=== Listed entries ===
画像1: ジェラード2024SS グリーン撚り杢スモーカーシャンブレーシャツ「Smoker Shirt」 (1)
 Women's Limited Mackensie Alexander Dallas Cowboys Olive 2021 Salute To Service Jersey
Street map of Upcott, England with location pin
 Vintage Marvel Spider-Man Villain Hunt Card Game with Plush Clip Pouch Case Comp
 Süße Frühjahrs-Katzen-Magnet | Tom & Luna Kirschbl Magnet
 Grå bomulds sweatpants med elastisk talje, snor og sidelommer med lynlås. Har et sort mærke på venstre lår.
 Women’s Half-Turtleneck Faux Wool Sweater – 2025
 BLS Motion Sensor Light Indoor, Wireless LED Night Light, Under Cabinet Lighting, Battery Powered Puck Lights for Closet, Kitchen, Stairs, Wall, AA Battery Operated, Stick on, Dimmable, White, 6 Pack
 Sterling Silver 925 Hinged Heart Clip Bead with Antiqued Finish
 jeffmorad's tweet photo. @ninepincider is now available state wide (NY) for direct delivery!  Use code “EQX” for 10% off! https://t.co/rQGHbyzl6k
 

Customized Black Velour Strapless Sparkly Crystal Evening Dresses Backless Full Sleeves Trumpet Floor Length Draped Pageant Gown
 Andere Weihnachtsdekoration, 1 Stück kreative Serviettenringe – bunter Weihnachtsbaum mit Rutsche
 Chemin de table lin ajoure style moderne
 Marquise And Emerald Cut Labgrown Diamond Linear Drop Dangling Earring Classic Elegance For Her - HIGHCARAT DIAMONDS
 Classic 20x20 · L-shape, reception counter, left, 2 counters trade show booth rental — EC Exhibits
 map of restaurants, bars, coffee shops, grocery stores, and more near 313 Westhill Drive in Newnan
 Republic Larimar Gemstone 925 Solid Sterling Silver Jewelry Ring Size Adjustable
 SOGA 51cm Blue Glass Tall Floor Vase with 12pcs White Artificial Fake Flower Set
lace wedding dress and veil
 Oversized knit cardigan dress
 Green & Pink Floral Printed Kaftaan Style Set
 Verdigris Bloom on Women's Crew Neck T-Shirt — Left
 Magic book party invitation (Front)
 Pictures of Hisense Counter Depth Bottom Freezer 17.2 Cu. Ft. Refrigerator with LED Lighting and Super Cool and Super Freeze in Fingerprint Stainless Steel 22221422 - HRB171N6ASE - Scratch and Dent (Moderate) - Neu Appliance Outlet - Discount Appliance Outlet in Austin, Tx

=== Exercise details ===
The answer is the run of lines above from the line containing "Street map of" through the line containing "Grå bomulds sweatpants", copied exactly and alone.

=== Task output ===
Street map of Upcott, England with location pin
 Vintage Marvel Spider-Man Villain Hunt Card Game with Plush Clip Pouch Case Comp
 Süße Frühjahrs-Katzen-Magnet | Tom & Luna Kirschbl Magnet
 Grå bomulds sweatpants med elastisk talje, snor og sidelommer med lynlås. Har et sort mærke på venstre lår.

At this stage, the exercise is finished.